Assignment >> All lines from the one containing "OMÜ Türkiye'nin en" to the end of the listing below should be output exactly; omit the pictures.

════════════════

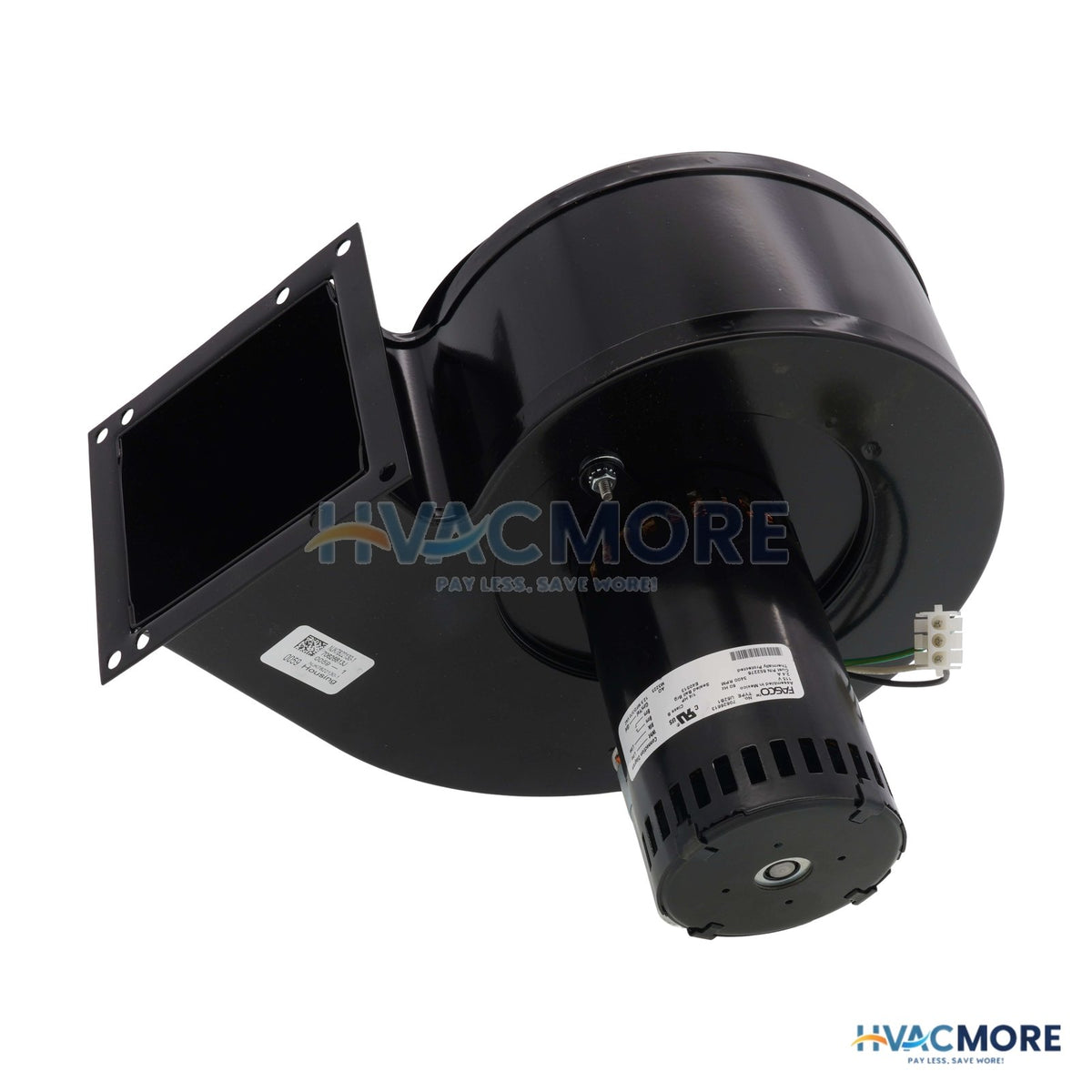 Raypak Combination Air Blower - Left-hand 007413F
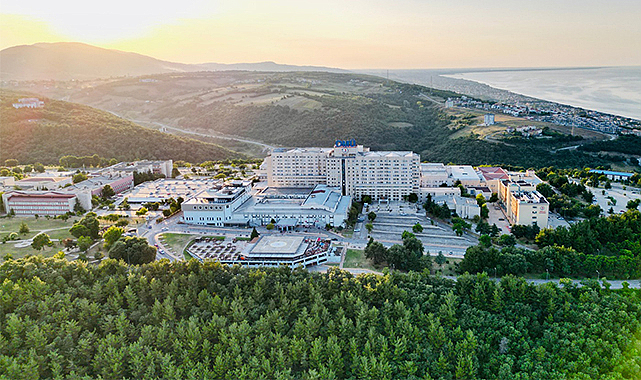 OMÜ Türkiye'nin en başarılı 21'inci üniversitesi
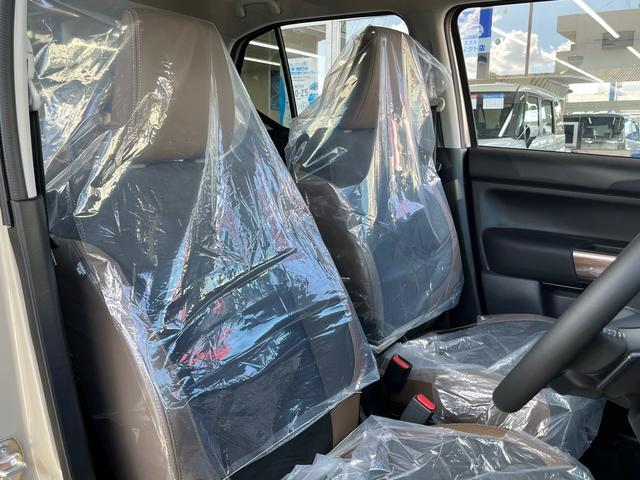 クロスビー ハイブリッドMZ ブラウンアクセントパッケージ装着車 全方位カメラ LEDヘッドライト コーナーセンサー レーンキープアシスト 衝突被害軽減ブレーキ スマートキー USB 純正AW (ベージュブラック)(37枚目)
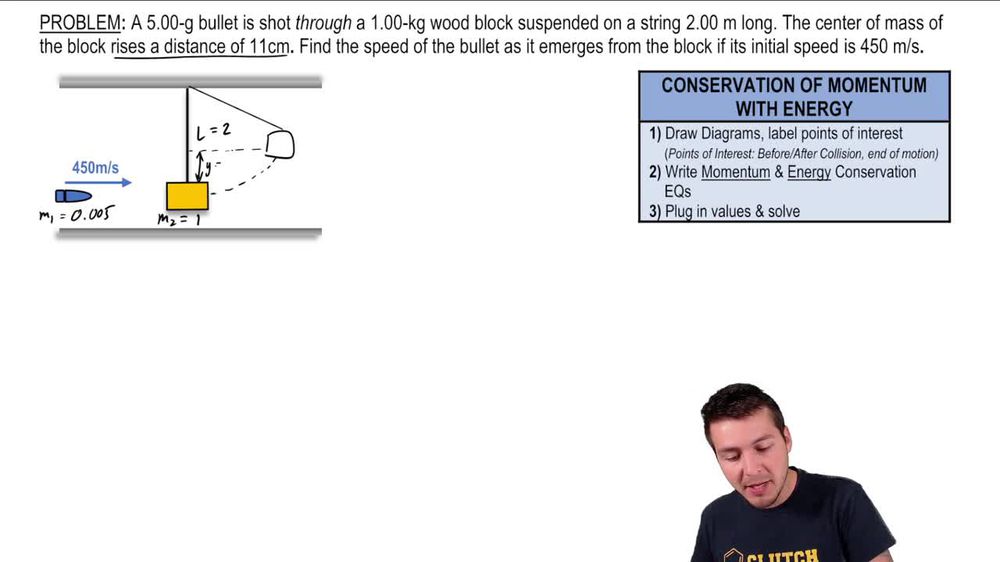 Final Speed of Ballistic Pendulum Projectile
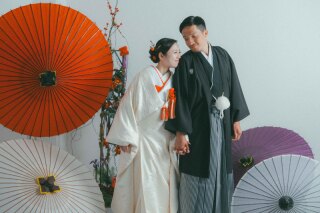 【スタジオ撮影】和装と洋装両方撮影できるお得なプラン◎全データ色味補正付150カット以上納品◎着付け料金込み・奥様ヘアメイク付き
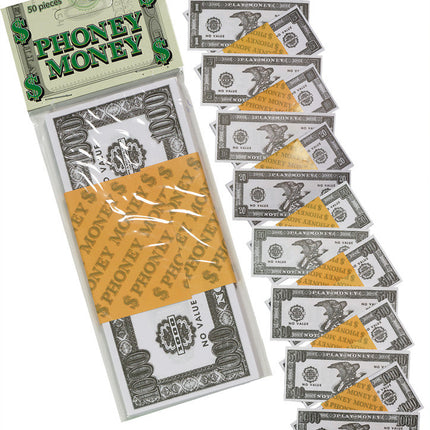 PHONEY MONEY 100  50/PACK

════════════════

Response >>
 OMÜ Türkiye'nin en başarılı 21'inci üniversitesi
 クロスビー ハイブリッドMZ ブラウンアクセントパッケージ装着車 全方位カメラ LEDヘッドライト コーナーセンサー レーンキープアシスト 衝突被害軽減ブレーキ スマートキー USB 純正AW (ベージュブラック)(37枚目)
 Final Speed of Ballistic Pendulum Projectile
 【スタジオ撮影】和装と洋装両方撮影できるお得なプラン◎全データ色味補正付150カット以上納品◎着付け料金込み・奥様ヘアメイク付き
 PHONEY MONEY 100  50/PACK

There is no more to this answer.